If a member has blown the whistle they have the right not to be subjected to any detriment such as having their access to resources blocked, being side-lined or ostracised, being monitored more closely than other members or having their profit share reduced. Although members cannot bring unfair dismissal claims (as they are not employees) a detriment can include a termination of their membership of the LLP. It is important to note that there is no length of service requirement for this type of claim so it protects new members. It also protects former workers so if, for instance, a member has left the firm and they are then subjected to a detriment in relation to their capital repayments for having blown the whistle, they would be protected.
If a member has been subjected to a detriment or has been terminated, they can claim:
- for the losses attributable to the detrimental treatment – there is no cap on the level of compensation which can be awarded but the member would be under a duty to mitigate their loss; and
- injury to feelings of up to £44,000.
A reduction of up to 25% can be made in relation to the compensation if the protected disclosure was not made by the member in good faith.
Whistleblowing claims can be very costly, not only because there is no upper limit on the amount of compensation which can be awarded but also in terms of the management time which has to be spent on the matter and legal costs (which are usually not recoverable in Employment Tribunal proceedings), and the negative publicity which the issues will attract. In addition, it is not just the firm that could be liable but also key decision-makers (such as other members or employees of the firm).

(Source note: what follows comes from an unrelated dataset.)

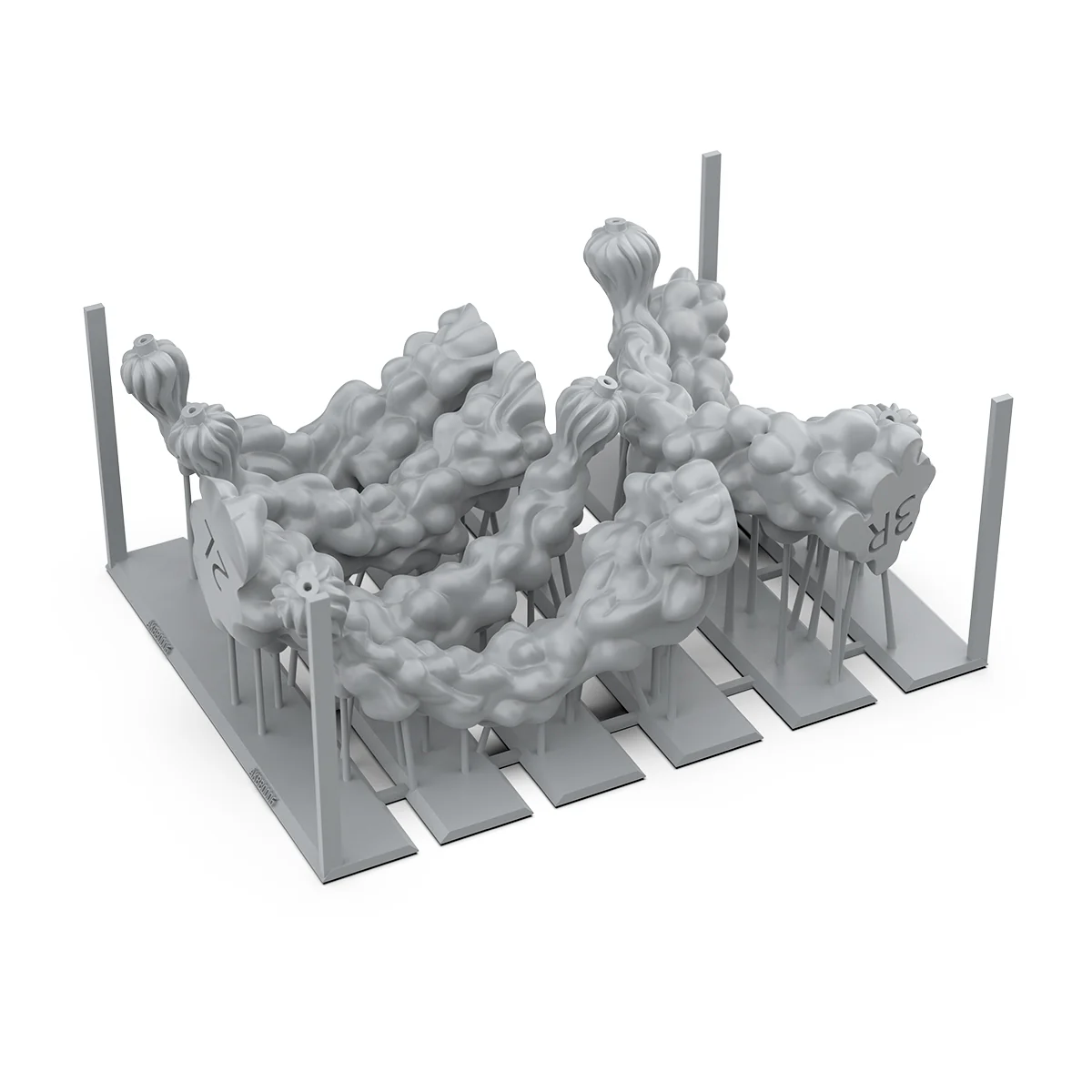 JUMP-PACK TRAIL FX – AK BASING BITS - Image 4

What should a firm do if a member blows the whistle?
The firm should ensure that it adopts and follows a comprehensive and effective whistleblowing policy which applies to all staff, including members. By having a comprehensive policy with clear reporting structures on raising concerns, which all staff are aware of and have received training on, this should encourage members to report the matter internally. It should also reduce the risk of the firm dismissing any concerns without proper consideration or taking retaliatory action.
The first step that the firm should take is to make an initial assessment of the concerns and decide who at the firm should be aware of the disclosure. This should be a small number of people at the firm and the disclosure should be kept confidential to that group.
The team should appoint an investigator to carry out an investigation into the member’s concerns. Consideration should be given to appointing an external investigator (which could be a law firm) to investigate the concerns as in many cases this would be the appropriate way forward and demonstrate a greater level of objectivity than an internal investigator. The firm will want to choose an investigator who is experienced in investigations and has specialist knowledge of the subject matter of the concerns raised.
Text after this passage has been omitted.